Commentary: UMass Boston centers jeopardized by budget cuts

By G. R. Peterson
Special to the Reporter

On Oct. 15, UMass Boston’s interim chancellor, Katherine Newman, held a Town Hall Forum at Lipke Auditorium on the Dorchester campus. Despite the meeting’s setting in one of the campus’s drafty concrete buildings, Newman was often successful in painting a positive picture of UMass Boston’s future.

As a current graduate student and resident of Dorchester, I was at times caught up with her positivity. Her energetic presentation, done along with two of her staff, took up the bulk of the forum before the floor was opened for questions after which there were moments where the rubber clearly hit the road.
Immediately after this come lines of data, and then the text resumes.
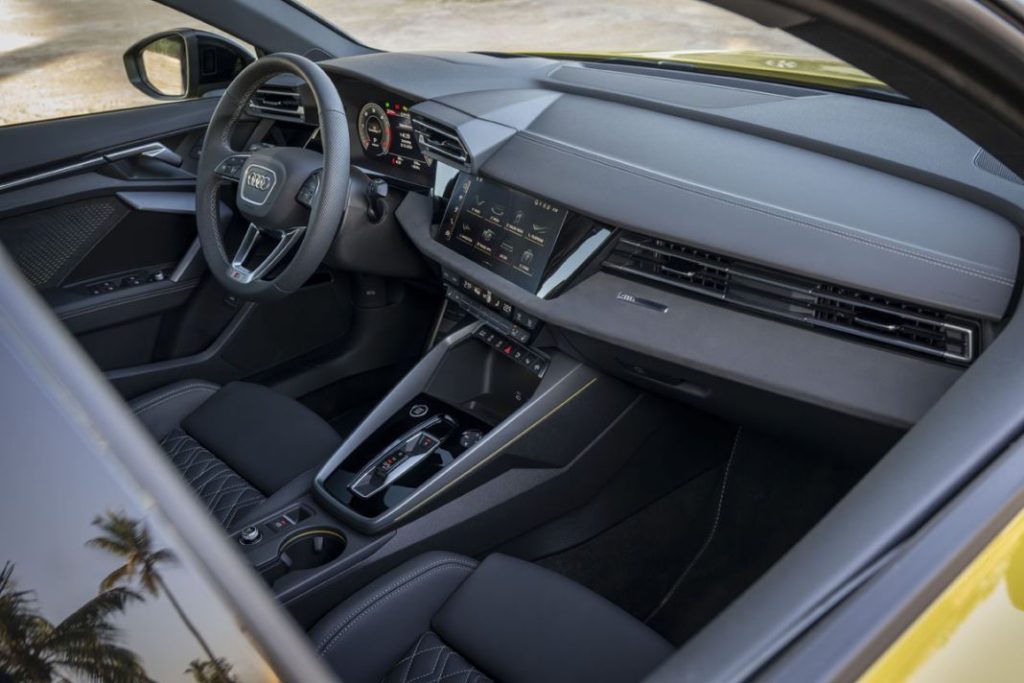 El Audi A3 allstreet, un compacto que se lanza a la aventura 16 Motor16 AUDI A3 ALLSTREET 12 Motor16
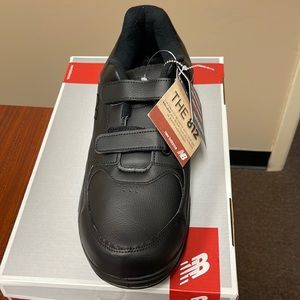 Men’s New balance walking sneakers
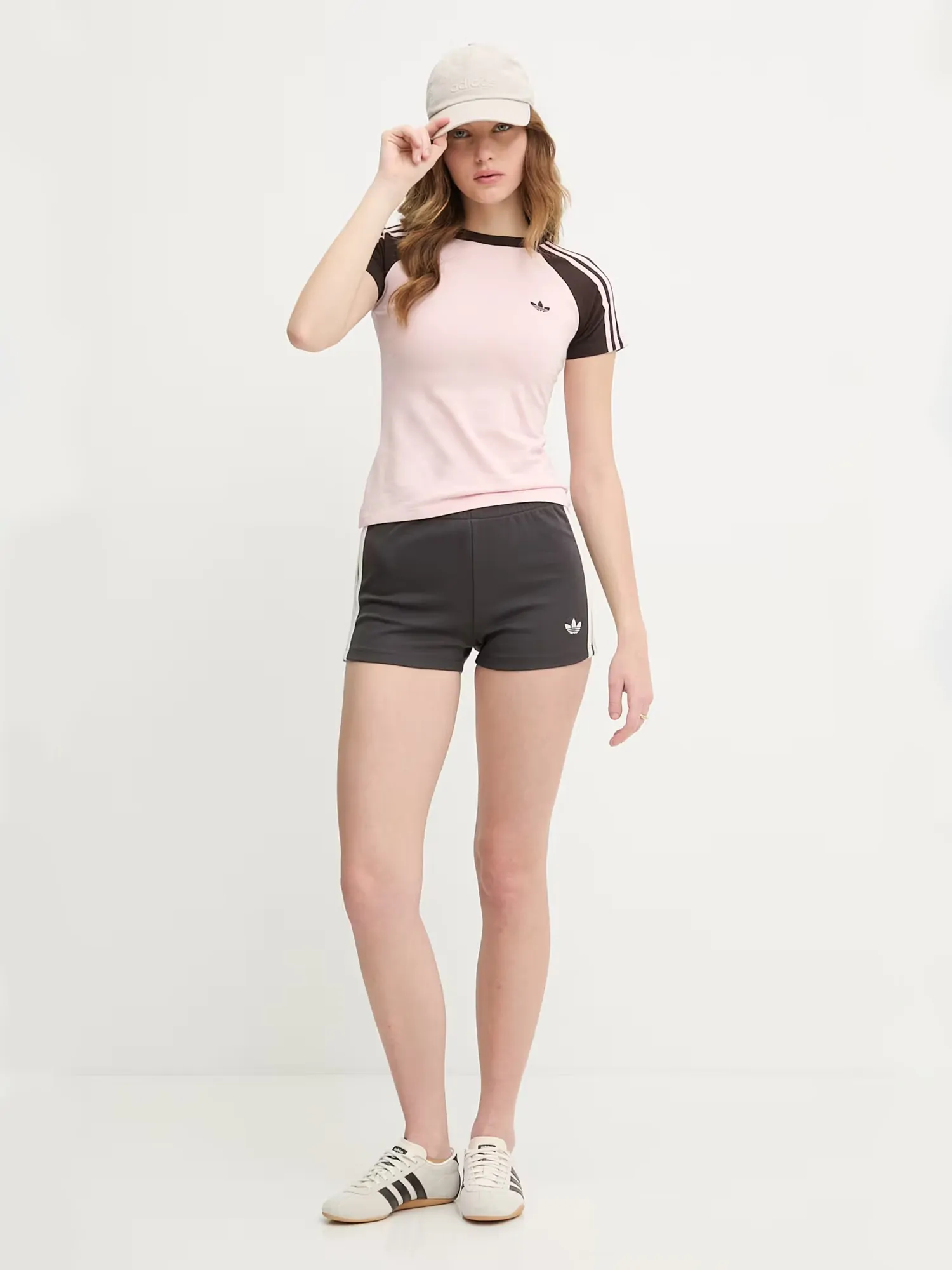 Футболка жіноча Adidas SST TEE рожева KD3800 купити в Києві в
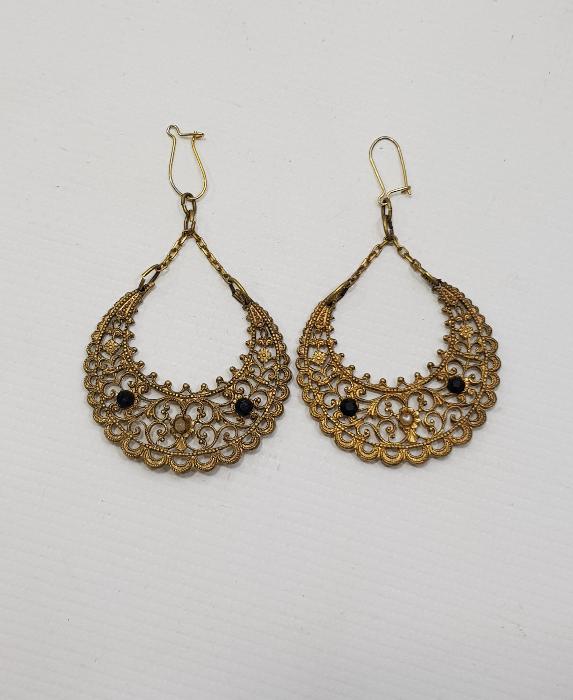 DEĞERLİ TAŞLARLA SÜSLÜ ALTIN VERMEYLİ GÜMÜŞ KÜPE 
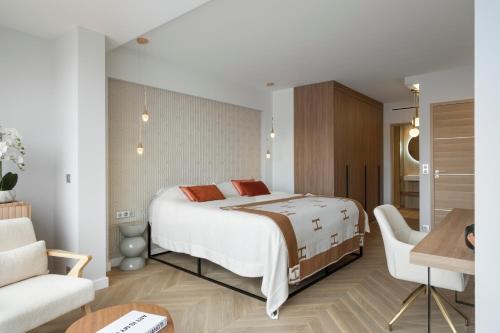 Luxury Romantic Cannes 45 Croisette Two Bedrooms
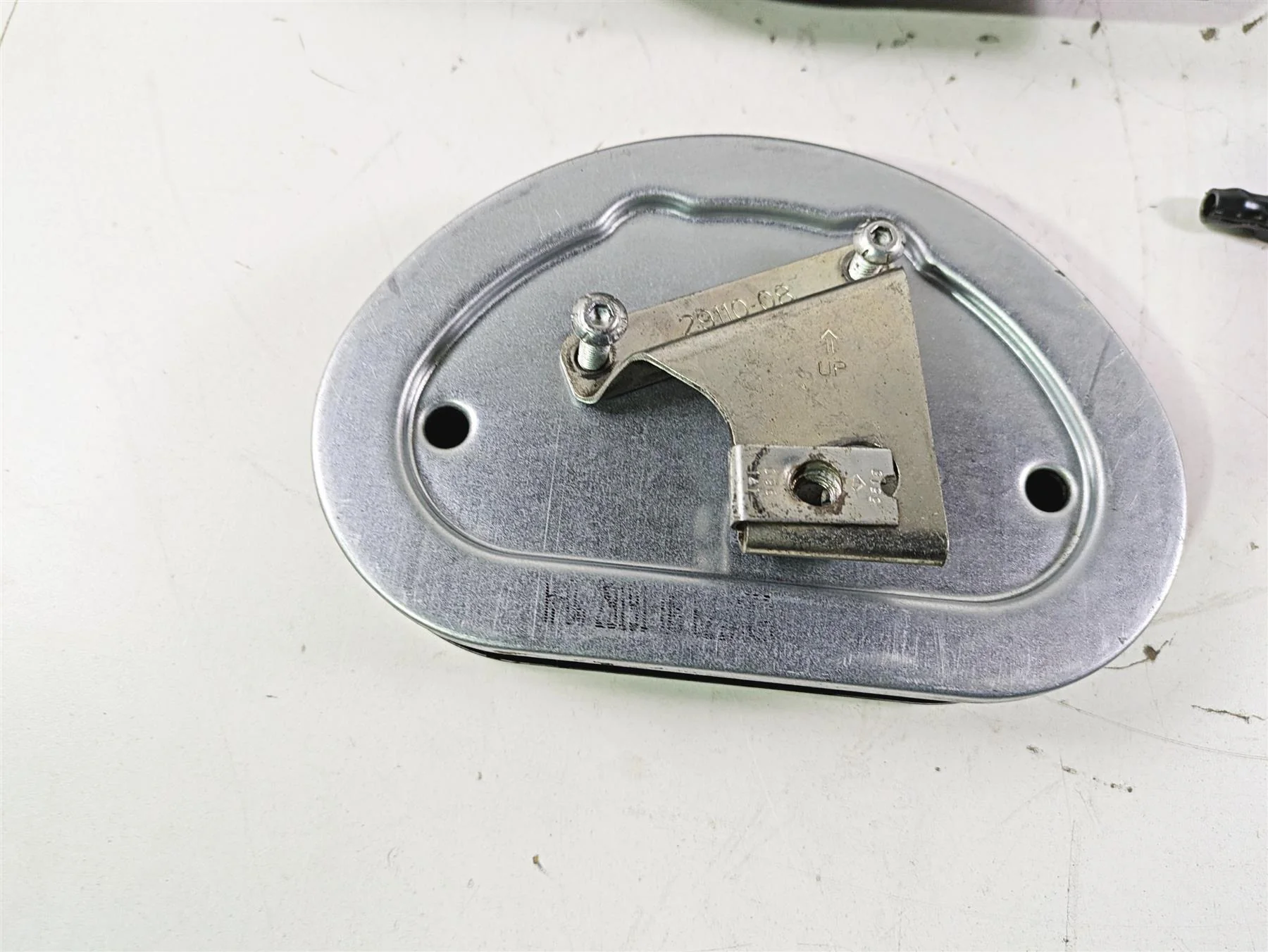 2011 Harley FXDC Dyna Super Glide Air Cleaner Breather Filter 29182-08A - Image 6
When Emily McDermott, university provost and vice chancellor for academic affairs, transitioned to discussing UMB’s centers and institutes, it was by sardonically interjecting “favorite topic” before continuing. The quip effectively conveyed the controversial nature of former interim chancellor Barry Mills’s decision to move toward ending university funding of the centers and institutes.

McDermott re-stated some of what we already knew: 17 centers and institutes on the Dorchester campus ran deficits greater than $60,000, collectively amounting to approximately $5 million of the gap the school faced between FY18 revenues and expenses. UMass Boston has around 54 such organizations.

Admittedly, 17 centers and institutes, each of which posted $60,000 of debt, sounds pretty bad. On the other hand, $60,000 is close to the number many students are ballparking in student debt. And we were told that that was normal.

More to the point, if 17 centers and institutes out of 54 had carried $1.02 million in debt, why is the reduction and ultimate elimination of university funding being applied to all?

McDermott defended the decision, stating that centers and institutes are “normally” understood to be “self-supporting” because they “bring in external funds.” What appeared to be the major reason, however, strikes at the heart of the rancor that emerged after the university’s decision was made public through one of Mills’s campus-wide emails.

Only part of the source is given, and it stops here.